▸ Items from a dataset:

- Opening Delimiter -

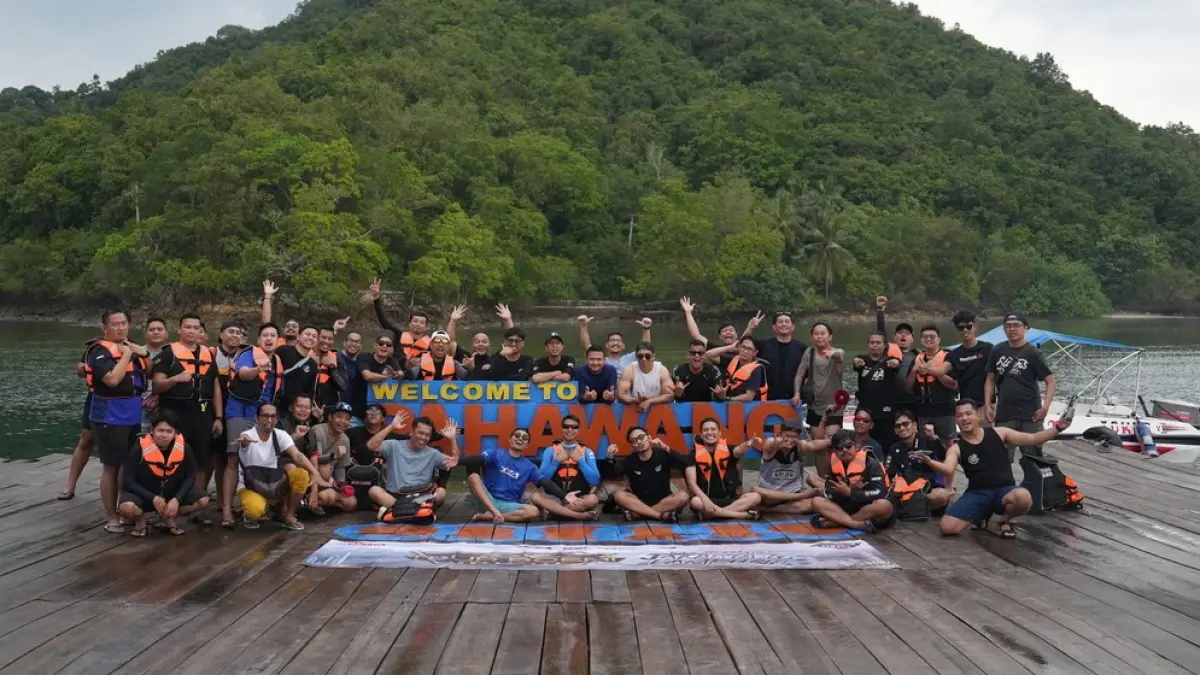 MAXi Tour Boemi Nusantara mengeksplorasi kekayaan alam Bumi Sang Ruwai Jurai Lampung pada 8-11 Mei 2026.Yamaha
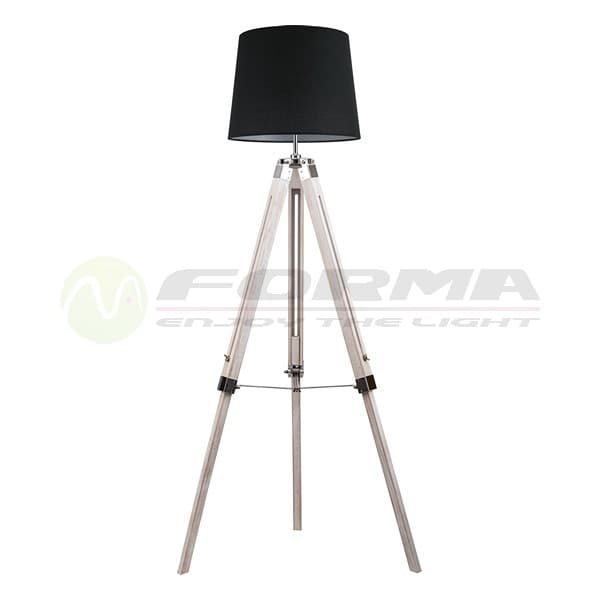 Abažur za podnu lampu F7115-1F BK - Podne lampe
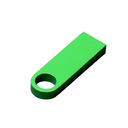 USB 3.0-флешка на 128 Гб с мини чипом и круглым отверстием для нанесения логотипа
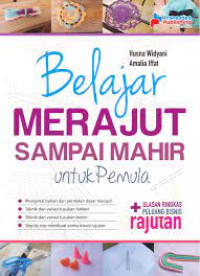 Image of Belajar Merajut Sampai Mahir Untuk Pemula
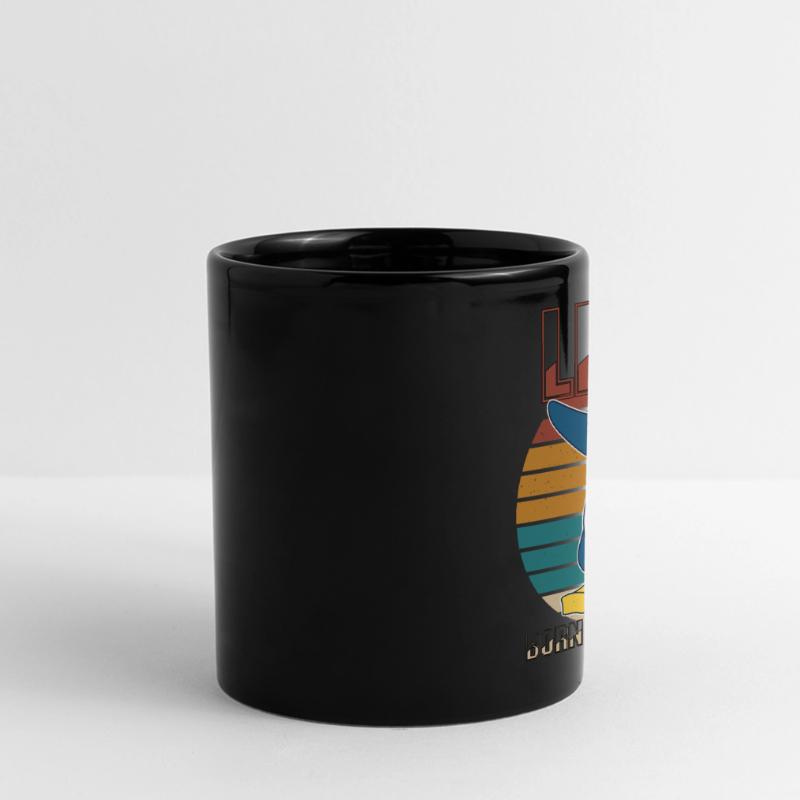 Linux Born To Be Root Cool Penguin Nerd Programmin Full Colour Panoramic Mug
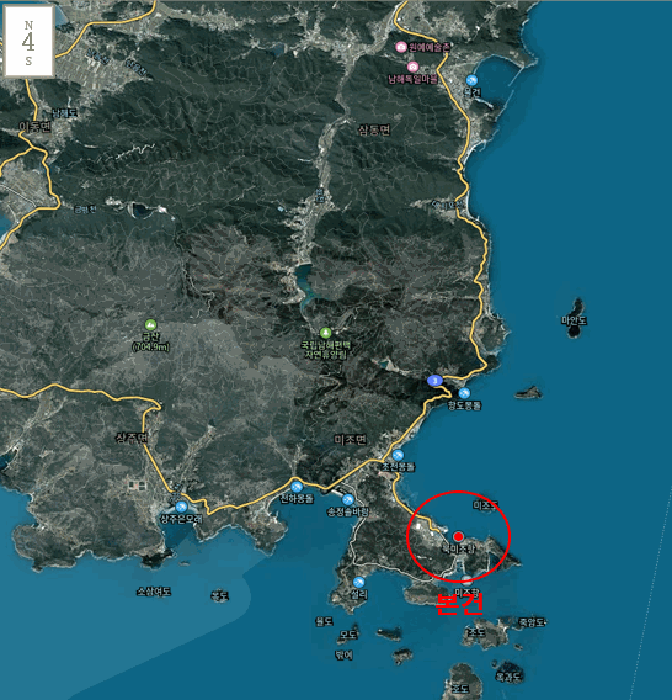 남해군 미조면 북항 선박 경매 물건 사진 2 · 2025타경732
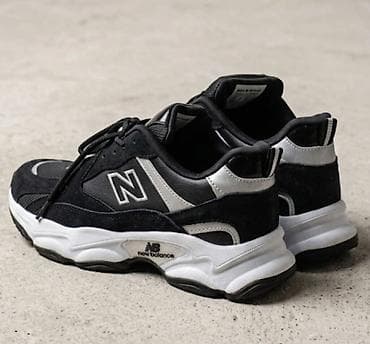 prada obuca beograd: New Balance patike za trčanje – crno/srebrne - Model sa mrežastim — 2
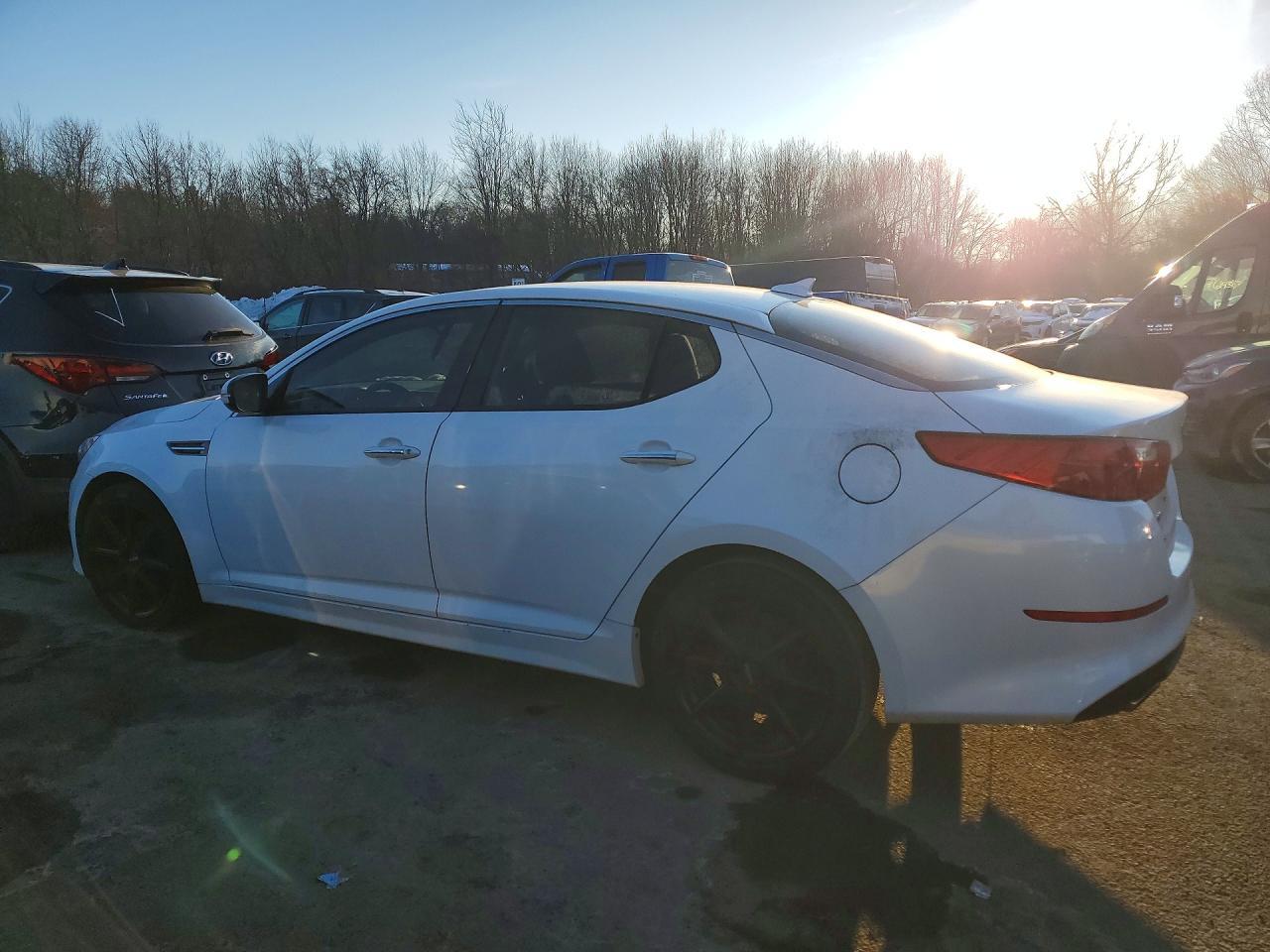 2015 KIA Optima lx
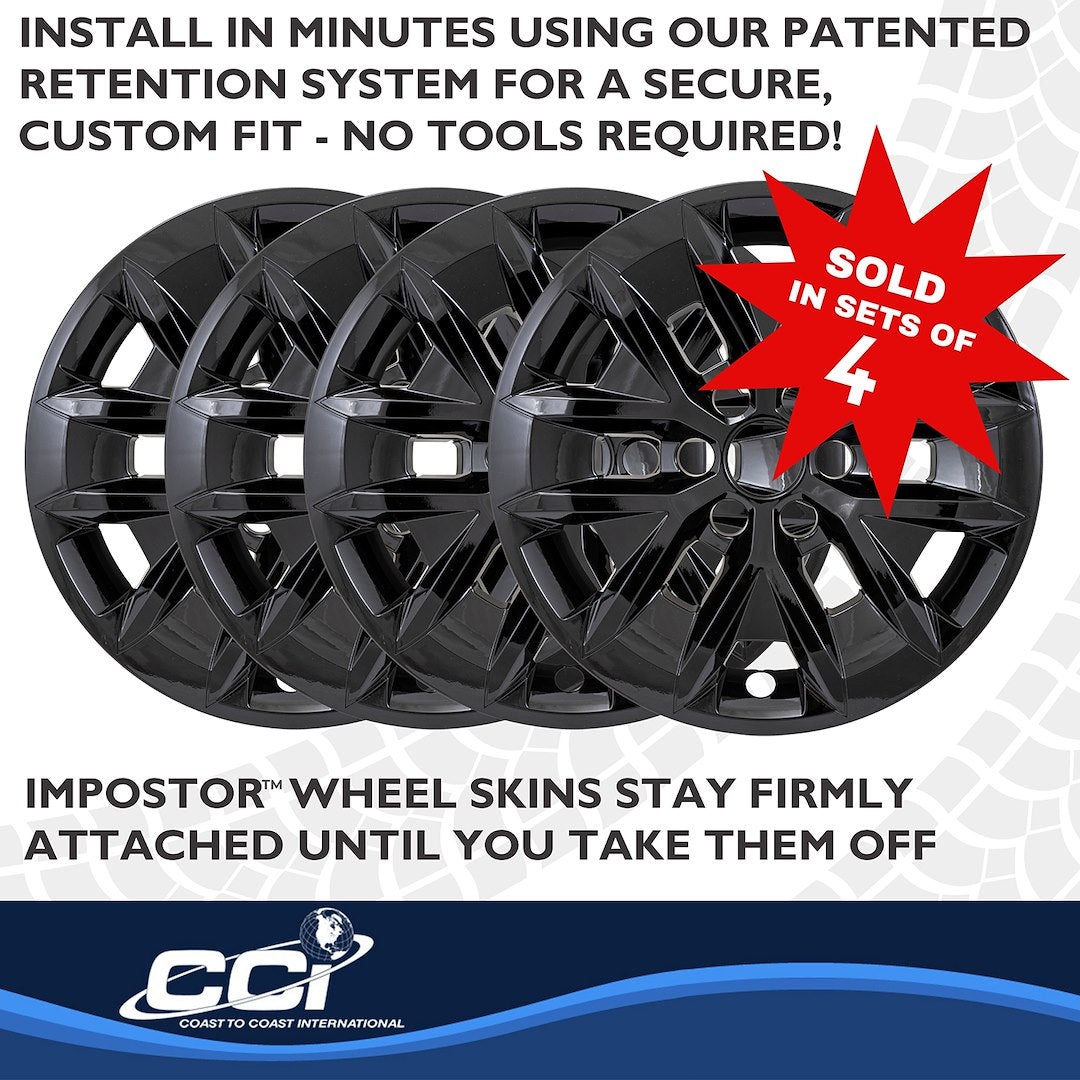 Coast To Coast IMP516BLK Black 16-Inch IMPOSTOR Skin Set - image 5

- Closing Delimiter -

▸ Task to carry out:
Find the line containing "prada obuca beograd: New" in the records above and restate it, and each line after it through the end, word for word, dropping the pictures.

▸ Output:
 prada obuca beograd: New Balance patike za trčanje – crno/srebrne - Model sa mrežastim — 2
 2015 KIA Optima lx
 Coast To Coast IMP516BLK Black 16-Inch IMPOSTOR Skin Set - image 5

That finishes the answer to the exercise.